# Memory Lane 2 - Oldest purchases still in your collection and why you still have them



## Vesteralen

I had in mind this second "memory lane" thread from the beginning, but I wanted to let the first one get under way before I brought it up. This thread is actually even more to my liking, because there is more to talk about. I hope some of you will like it, too.

To get started, I'll begin with the oldest records in my collection (and I'm old enough that when I say "records", I mean vinyl).

These two were both going away presents when I moved out of town in 1972. The first was from my parents, the second from my sister. Given that none of them knew the first thing about classical music, I think they did better jobs than I did picking things out:










I had seen Leonard Bernstein on TV conducting and analysing Haydn's 102nd symphony and fell in love with it. I still can't figure out why it's not his best known symphony. Maybe it's because it doesn't have a title.

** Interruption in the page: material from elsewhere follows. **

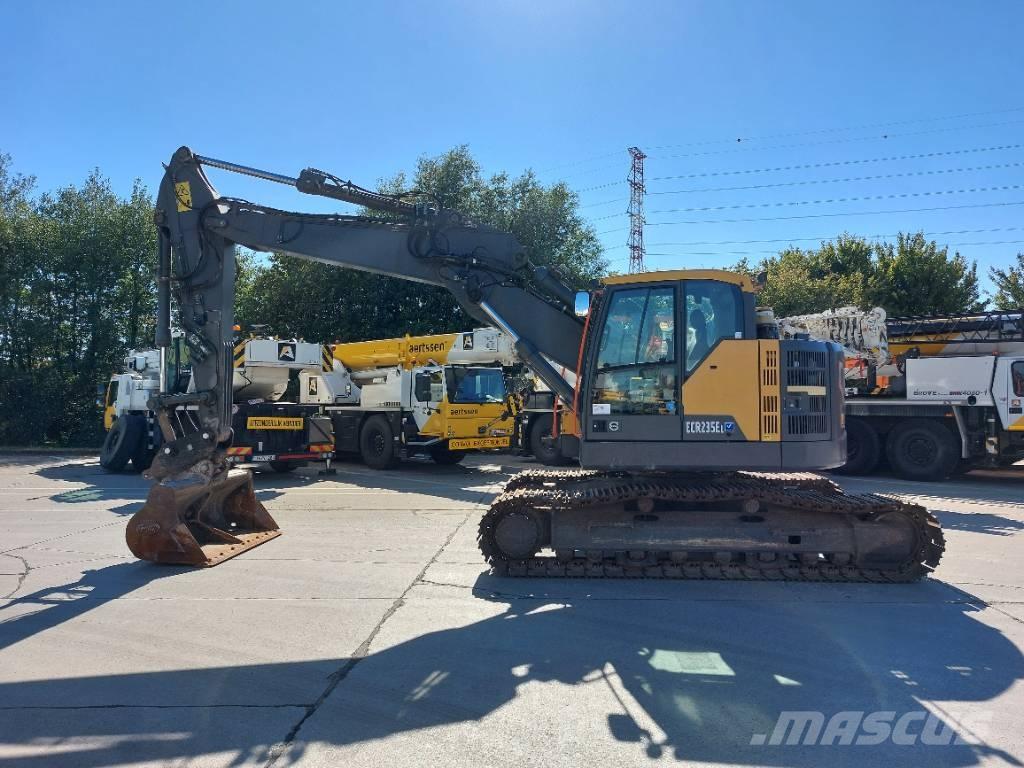 Volvo ECR 235 EL Bandgrävare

Anyway, Klemperer really surprised me with Haydn. I had pictured him as a stodgy, old guy who conducted everything really, really slowly. But, as I was soon to find out, he was really a great conductor. I have a lot of Klemperer's in my current vinyl collection. He conducts these Haydn symphonies brilliantly, if you don't mind hearing them with a large, modern orchestra. (I don't). Lots of bouyancy, lots of life. Terrific analog sound.

The second was this:









Only, the version I was given was on the budget London Stereo Treasury label. I could not find an image of it anywhere.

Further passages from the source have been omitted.